(Caption-style text data)
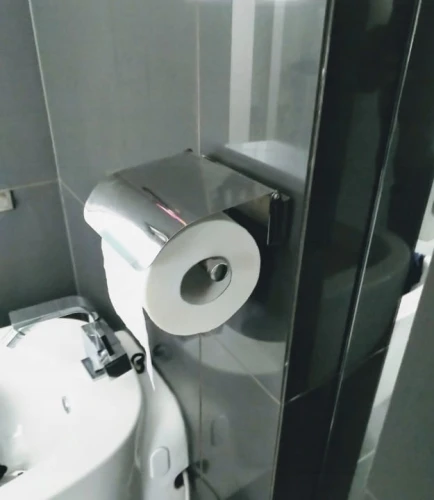 SAMOPRZYLEPNY UCHWYT NA PAPIER.jpg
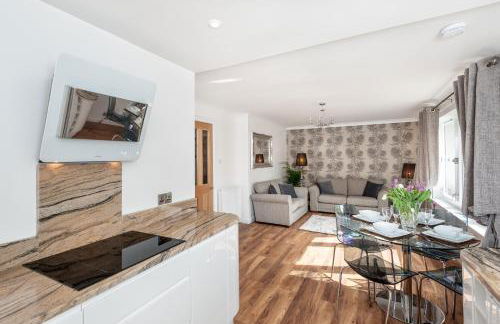 Gilmour's Entry Apartment - Photo 1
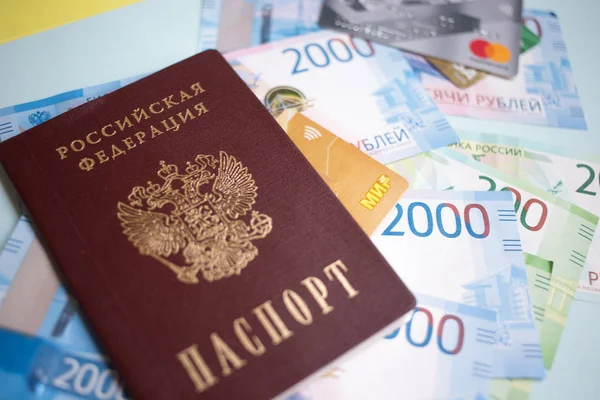 Moscow, Rusya Federasyonu-08 28 2018: Rus pasaportu. Rus yeni 2000 Rublesi cinsinden senetlerin de dahil olmak üzere para birimi. Mir kredi kartı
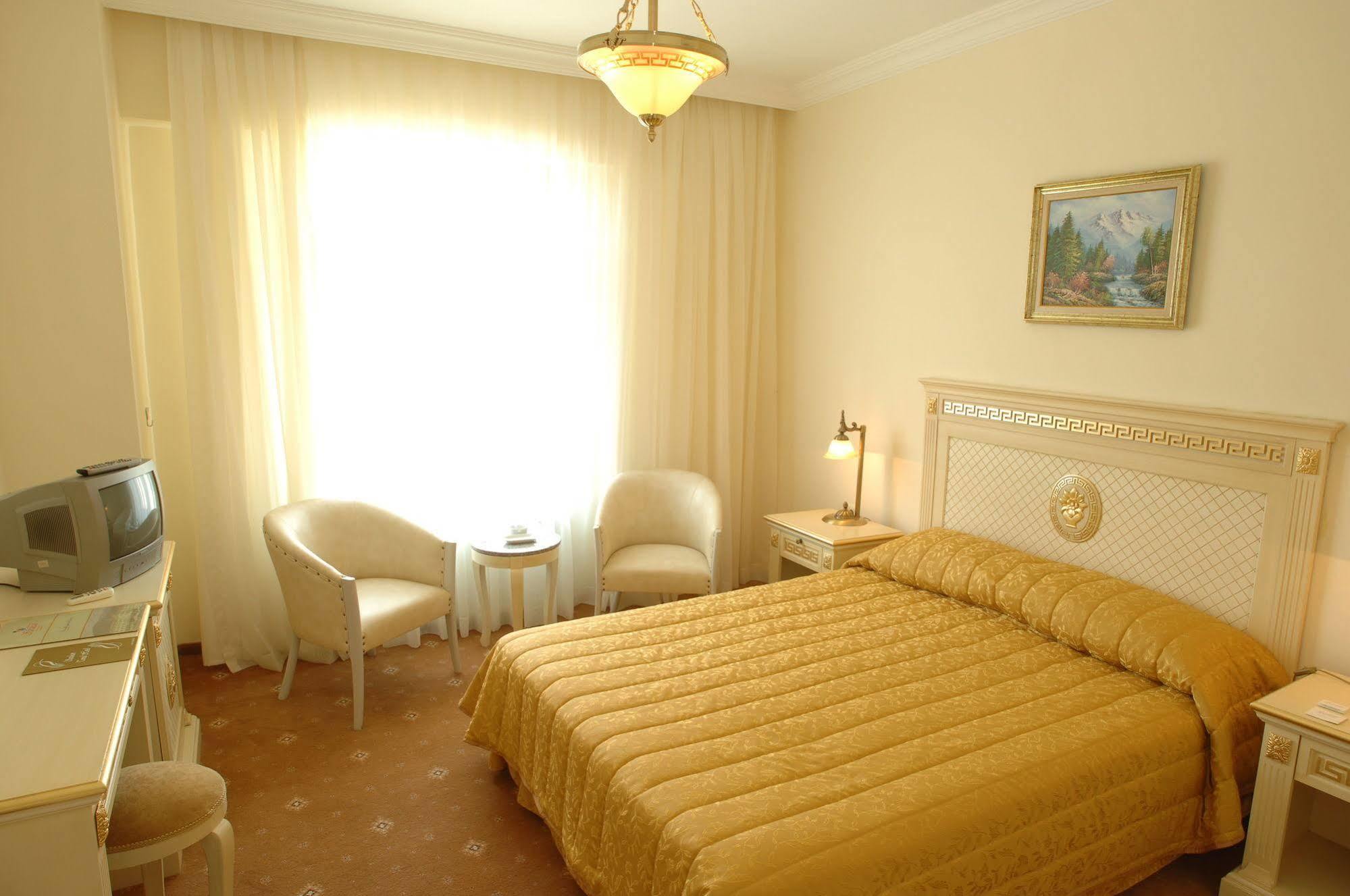 Gure Saruhan Thermal Akçay Exterior foto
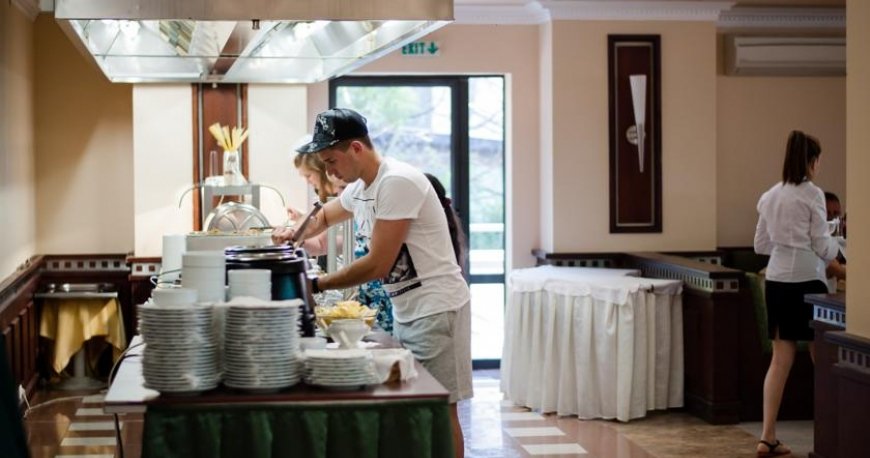 رستوران هتل لیلیا گلدن سندز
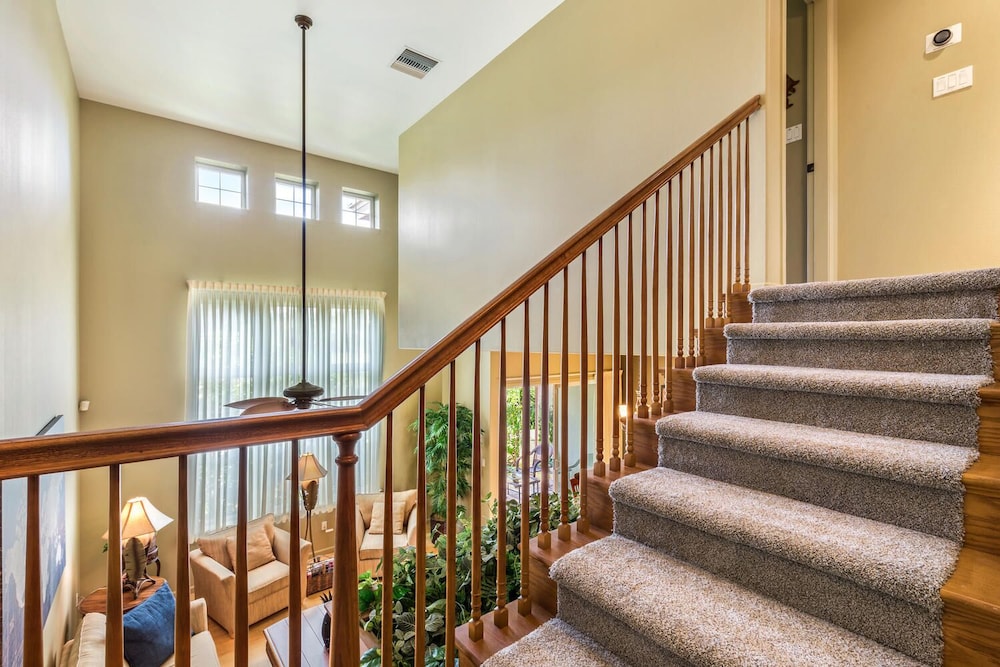 Beautifully Furnished - Hawaiian Villa - AC & Wifi! - Vrkcv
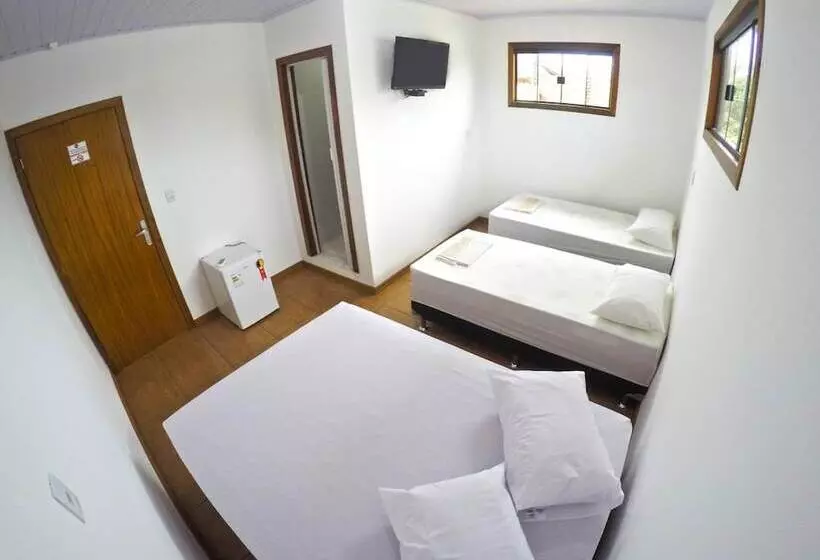 ホテル Pousada Praia Vermelha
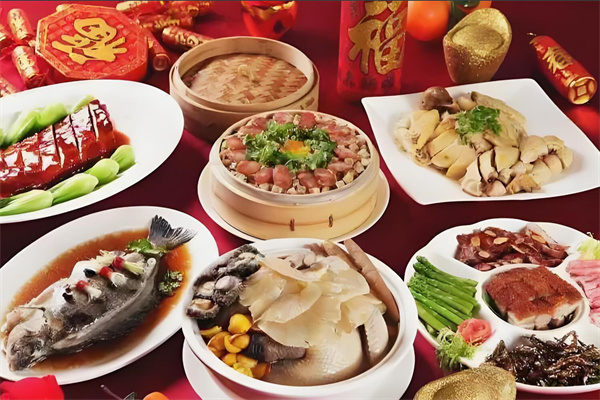 向群飯店加盟
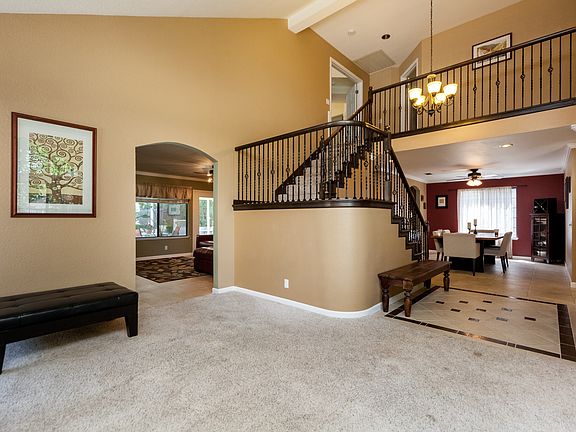 4th image of 455 N Lexington Dr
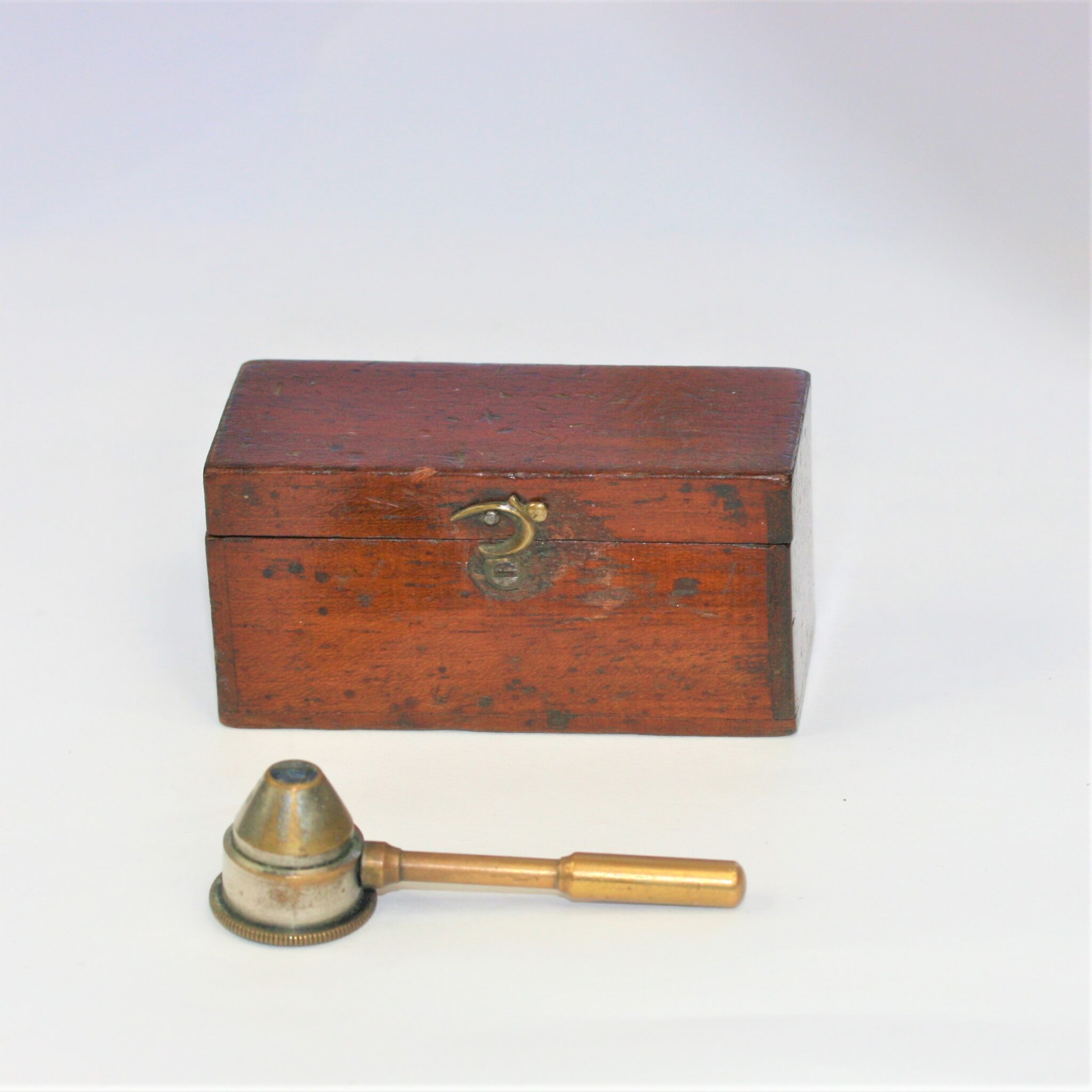 C1860 POCKET BRASS MICROSCOPE WITH ITS ORIGINAL BOX IN EXCELLENT CONDITION, IMAGE GOOD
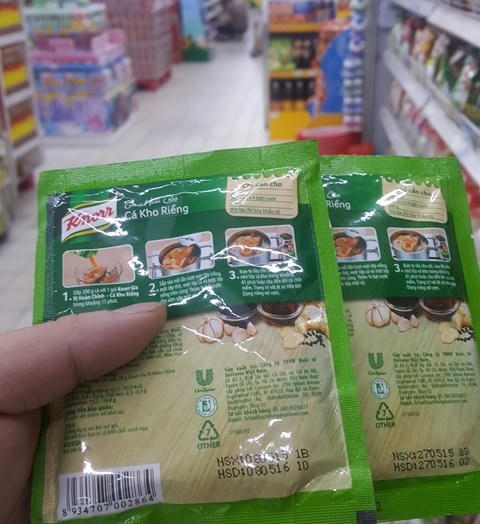 Sản phẩm bột nêm Knorr hết hạn sử dụng cả tháng nhưng vẫn được bày bán ở siêu thị Big C.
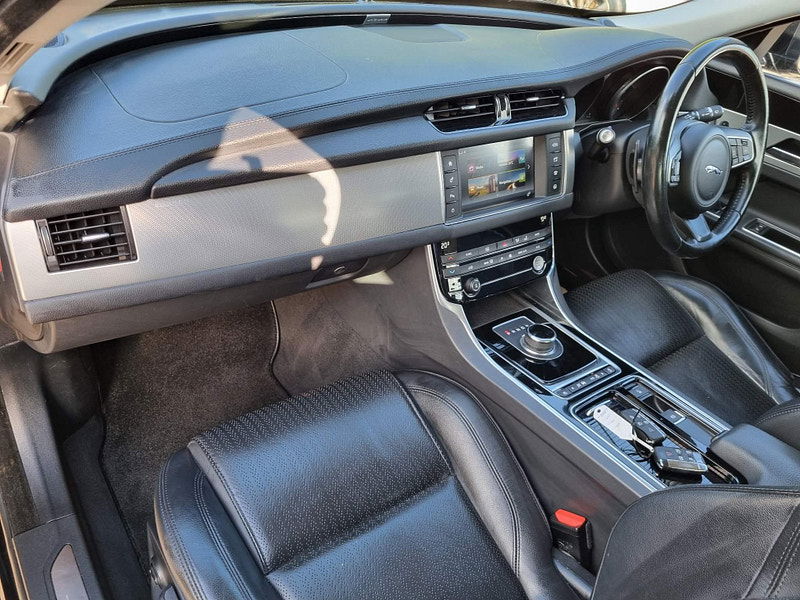 Jaguar XF 2.0d Prestige Auto Euro 6 (s/s) 4dr 4dr Automatic 2025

§ **What is expected**
From the data above, return exactly the lines from the one with "Gilmour's Entry Apartment - Photo 1" up to and including the one with "4th image of 455 N Lexington Dr". Pictures do not go in the copy.

§ **Final answer**
 Gilmour's Entry Apartment - Photo 1
 Moscow, Rusya Federasyonu-08 28 2018: Rus pasaportu. Rus yeni 2000 Rublesi cinsinden senetlerin de dahil olmak üzere para birimi. Mir kredi kartı
 Gure Saruhan Thermal Akçay Exterior foto
 رستوران هتل لیلیا گلدن سندز
 Beautifully Furnished - Hawaiian Villa - AC & Wifi! - Vrkcv
 ホテル Pousada Praia Vermelha
 向群飯店加盟
 4th image of 455 N Lexington Dr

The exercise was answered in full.